Given records -

::::::

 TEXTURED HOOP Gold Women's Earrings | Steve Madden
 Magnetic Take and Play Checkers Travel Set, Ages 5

::::::

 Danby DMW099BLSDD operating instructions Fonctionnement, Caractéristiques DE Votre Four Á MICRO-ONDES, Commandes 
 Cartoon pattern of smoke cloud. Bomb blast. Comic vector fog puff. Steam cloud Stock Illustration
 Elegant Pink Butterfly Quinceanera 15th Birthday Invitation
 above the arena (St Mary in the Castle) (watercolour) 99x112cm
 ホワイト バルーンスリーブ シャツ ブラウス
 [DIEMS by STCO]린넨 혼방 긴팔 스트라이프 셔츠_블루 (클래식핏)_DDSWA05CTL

::::::

An exact copy of the lines above between the line holding "Elegant Pink Butterfly" and the line holding "[DIEMS by STCO]린넨", inclusive, is the whole answer.

 Elegant Pink Butterfly Quinceanera 15th Birthday Invitation
 above the arena (St Mary in the Castle) (watercolour) 99x112cm
 ホワイト バルーンスリーブ シャツ ブラウス
 [DIEMS by STCO]린넨 혼방 긴팔 스트라이프 셔츠_블루 (클래식핏)_DDSWA05CTL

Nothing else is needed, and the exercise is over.